> MATERIAL PROVIDED:
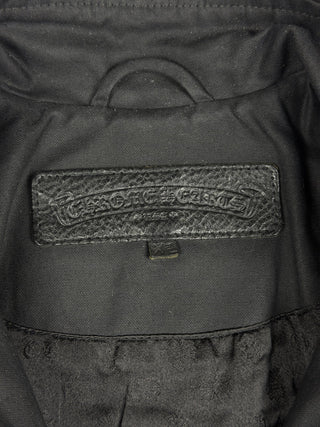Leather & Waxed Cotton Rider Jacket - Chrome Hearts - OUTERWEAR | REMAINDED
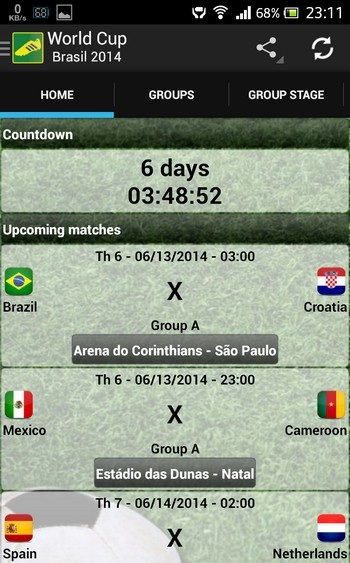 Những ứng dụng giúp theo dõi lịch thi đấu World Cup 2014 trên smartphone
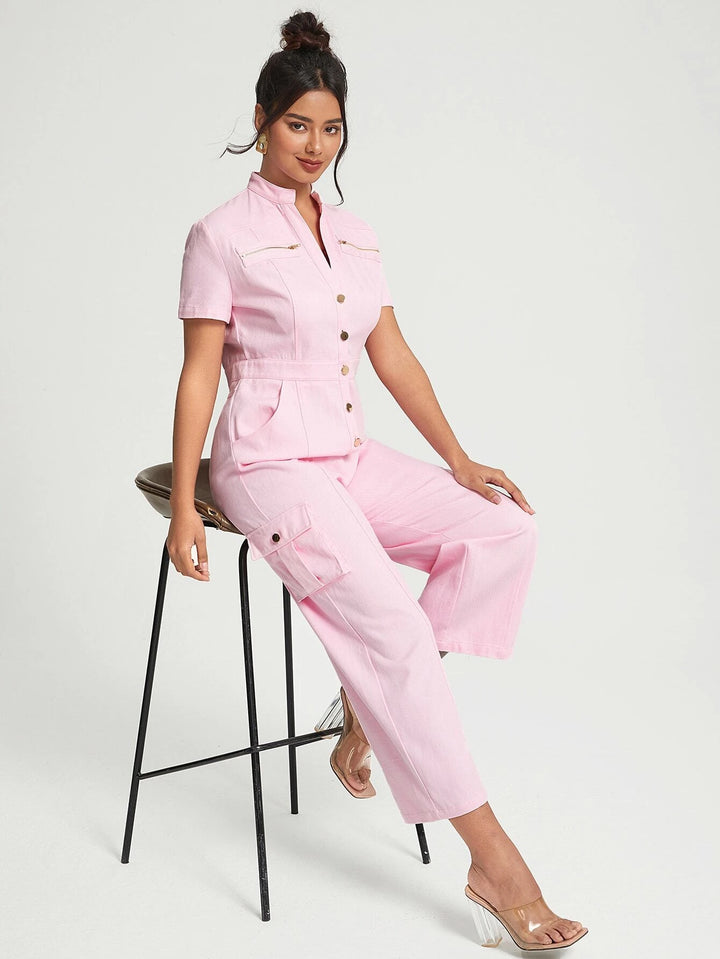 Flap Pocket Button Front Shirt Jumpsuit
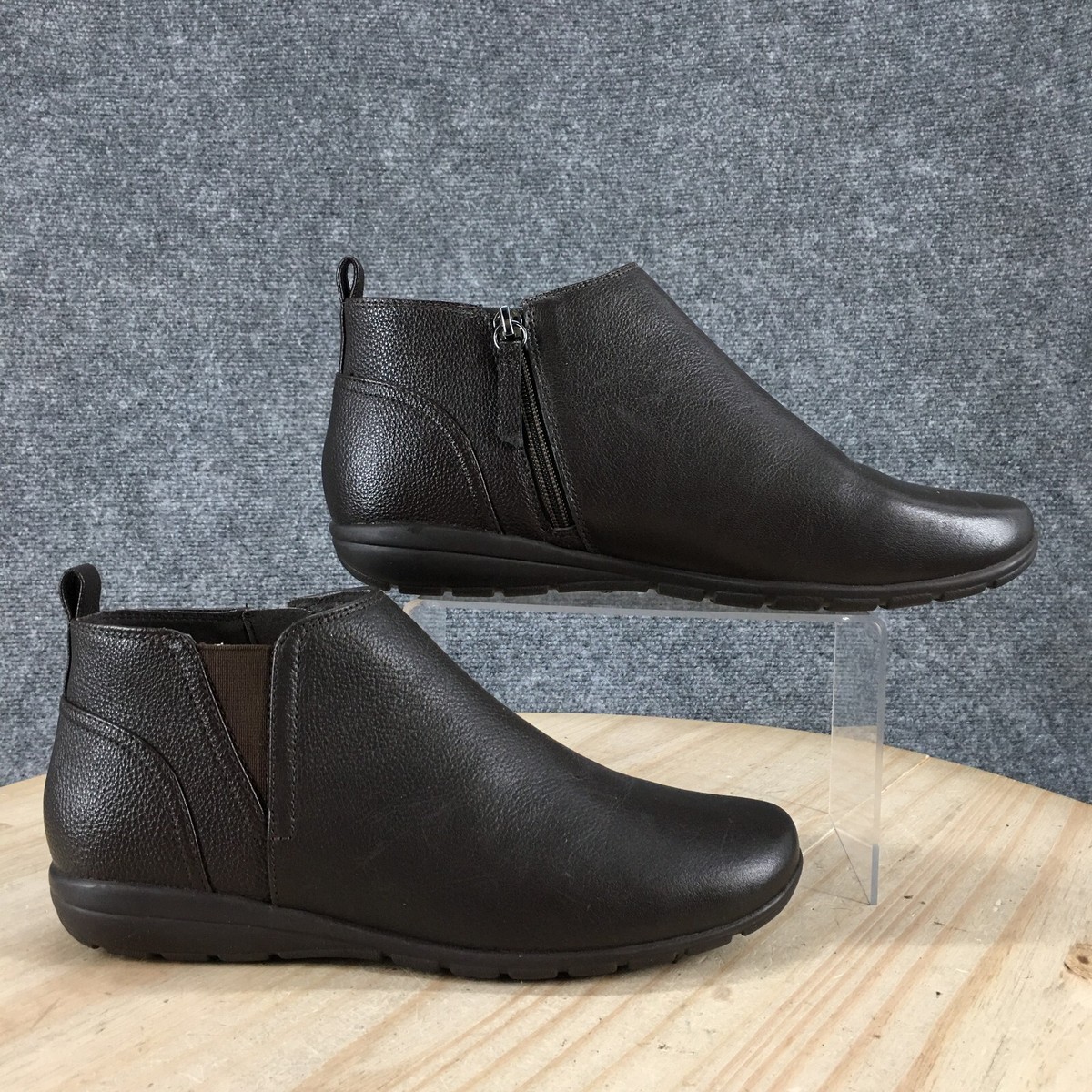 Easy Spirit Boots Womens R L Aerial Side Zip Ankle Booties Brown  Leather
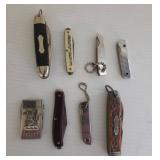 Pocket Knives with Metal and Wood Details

--

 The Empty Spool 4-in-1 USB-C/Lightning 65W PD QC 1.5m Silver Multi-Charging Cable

> DESCRIPTION OF THE TASK:
How would the lines above read from the one with "Easy Spirit Boots" to the one with "Pocket Knives with Metal and Wood Details", inclusive, with no pictures? Write them out exactly.

> WRITTEN RESPONSE:
 Easy Spirit Boots Womens R L Aerial Side Zip Ankle Booties Brown  Leather
 Pocket Knives with Metal and Wood Details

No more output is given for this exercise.